Starting at the line that contains "Asian Art Nature" and stopping after the line that contains "Velvet Right Corner", transcribe the listing below exactly; do not include any pictures.

## Dataset content
◆ ◆ ◆ ◆ ◆ ◆ ◆

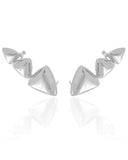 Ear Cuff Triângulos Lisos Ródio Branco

◆ ◆ ◆ ◆ ◆ ◆ ◆

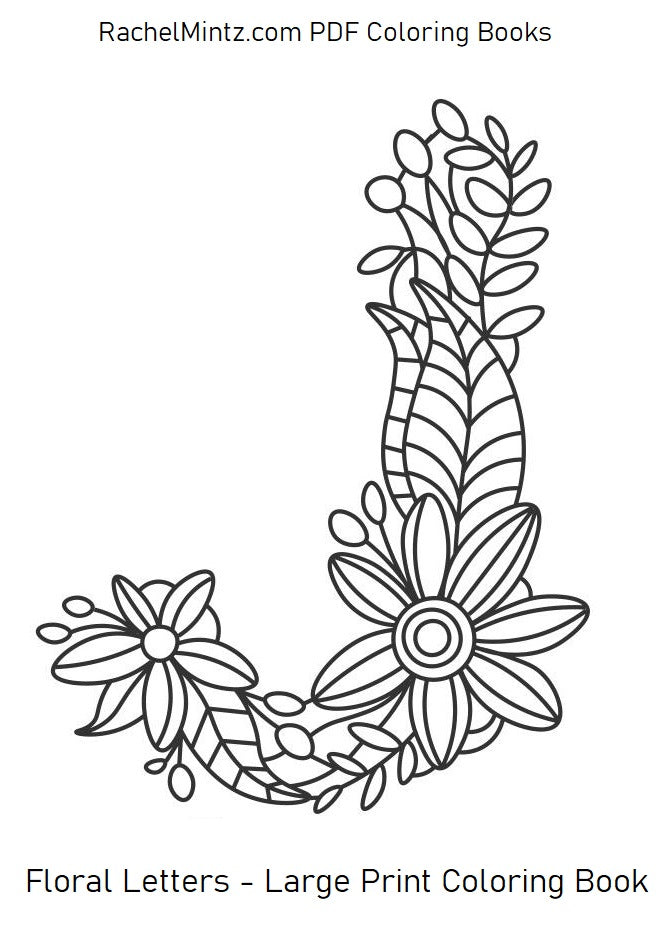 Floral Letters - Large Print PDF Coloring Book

◆ ◆ ◆ ◆ ◆ ◆ ◆

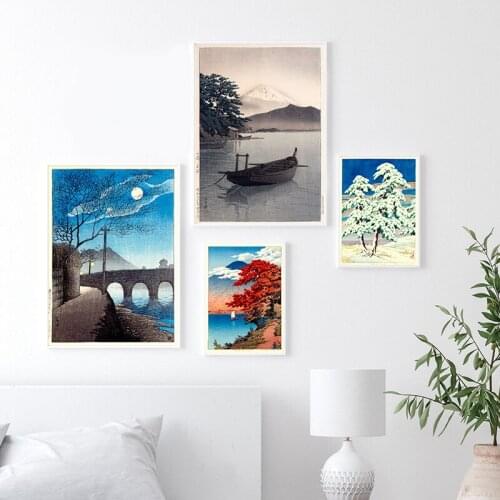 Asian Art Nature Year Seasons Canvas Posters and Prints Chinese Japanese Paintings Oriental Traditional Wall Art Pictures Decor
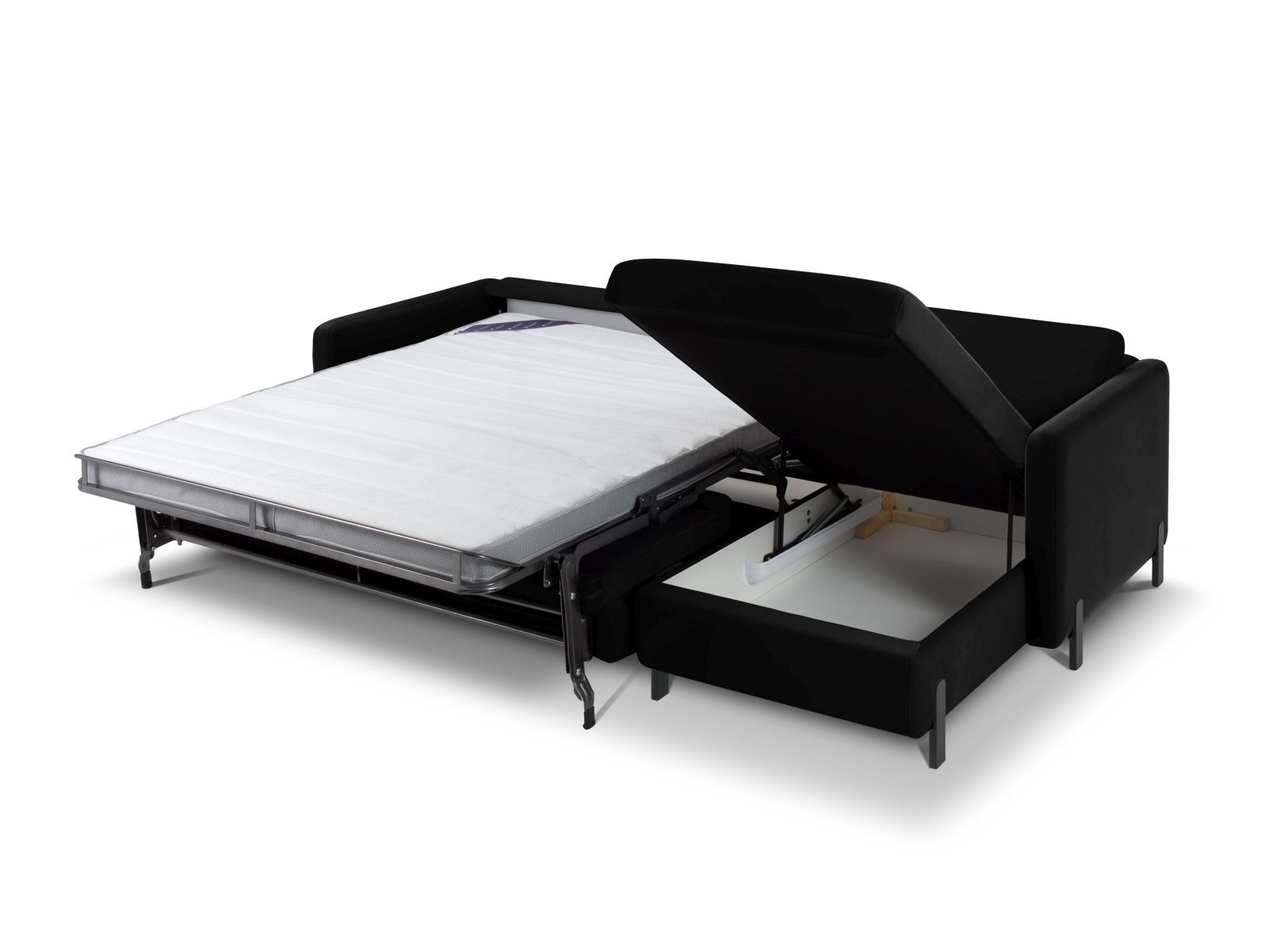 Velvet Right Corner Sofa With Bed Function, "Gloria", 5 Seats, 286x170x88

◆ ◆ ◆ ◆ ◆ ◆ ◆

## Task solution
 Asian Art Nature Year Seasons Canvas Posters and Prints Chinese Japanese Paintings Oriental Traditional Wall Art Pictures Decor
 Velvet Right Corner Sofa With Bed Function, "Gloria", 5 Seats, 286x170x88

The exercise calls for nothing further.